Por Waldemar Borges*

A história já mostrou, e sempre da pior forma, que quando o Estado transforma a polícia em instrumento político, a democracia começa a ruir.

Isso nunca começa de uma vez. Começa com “missões” sem papel timbrado. Com pessoas virando “alvo”, não por decisão da Justiça, mas por ordem de quem se acha acima da lei.

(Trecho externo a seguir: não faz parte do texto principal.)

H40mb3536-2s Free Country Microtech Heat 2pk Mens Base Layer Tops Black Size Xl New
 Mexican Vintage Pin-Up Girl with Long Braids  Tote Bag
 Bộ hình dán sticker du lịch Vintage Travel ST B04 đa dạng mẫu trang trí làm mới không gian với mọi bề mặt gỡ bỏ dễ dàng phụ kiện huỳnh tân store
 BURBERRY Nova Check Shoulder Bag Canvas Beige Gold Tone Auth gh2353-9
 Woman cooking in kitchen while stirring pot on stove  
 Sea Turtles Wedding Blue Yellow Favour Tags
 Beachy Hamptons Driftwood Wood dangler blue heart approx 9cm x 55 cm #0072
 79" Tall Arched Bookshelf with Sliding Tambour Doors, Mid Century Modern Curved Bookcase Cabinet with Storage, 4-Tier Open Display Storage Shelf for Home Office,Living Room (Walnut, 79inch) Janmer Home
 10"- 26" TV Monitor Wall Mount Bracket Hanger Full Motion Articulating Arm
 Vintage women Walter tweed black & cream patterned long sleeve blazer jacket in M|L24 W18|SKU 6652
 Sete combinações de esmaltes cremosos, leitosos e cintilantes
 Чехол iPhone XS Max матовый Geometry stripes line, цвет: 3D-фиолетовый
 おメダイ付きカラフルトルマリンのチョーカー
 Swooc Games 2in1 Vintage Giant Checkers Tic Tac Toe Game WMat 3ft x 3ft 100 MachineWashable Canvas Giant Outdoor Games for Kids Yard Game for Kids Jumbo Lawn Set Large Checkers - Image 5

Foi assim na Itália de Mussolini. A polícia vigiava professores, artistas, servidores. Bastava discordar.

Foi assim na Alemanha nazista. A Gestapo não investigava crimes. Investigava consciências.

Foi assim no Brasil da ditadura. O SNI espionava, o DOI-CODI torturava, tudo em nome do poder.

Em um momento em que todos comemoram o sucesso de filmes como O Agente Secreto constatamos, lamentavelmente, que absurdos e arbitrariedades daquelas épocas ainda não foram superados.

É irônico e triste perceber que nosso próprio estado, cenário de O Agente Secreto, ainda abriga situações parecidas às denunciadas nas telas, provando que o autoritarismo que pensávamos ter ficado no passado insiste em se fazer presente.

E por que lembrar disso agora?

Porque Pernambuco acordou chocado com uma denúncia exibida em rede nacional: a existência de uma Polícia Paralela, operando à margem da lei.

Uma estrutura usada para perseguir adversários políticos, monitorar servidores, manter investigações arquivadas e espionar pessoas sem ordem judicial.

Não tinha boletim de ocorrência.
Não tinha inquérito.
Não tinha mandado.

O que tinha era rastreamento ilegal, pressão interna e cidadãos tratados como “alvo”.

Isso não é erro administrativo. Isso é um ataque direto à democracia.

A polícia existe para proteger o povo, não para vigiar ilegalmente adversários.

A Assembleia não pode se calar. É preciso investigar, com transparência e independência. E, se confirmado, responsabilizar os envolvidos.

Defender a democracia não é pauta de esquerda ou direita. É dever de quem acredita no Estado de Direito. Fica aqui a pergunta: quem deu a ordem para a Polícia Paralela agir assim? Isso é o que Pernambuco quer saber.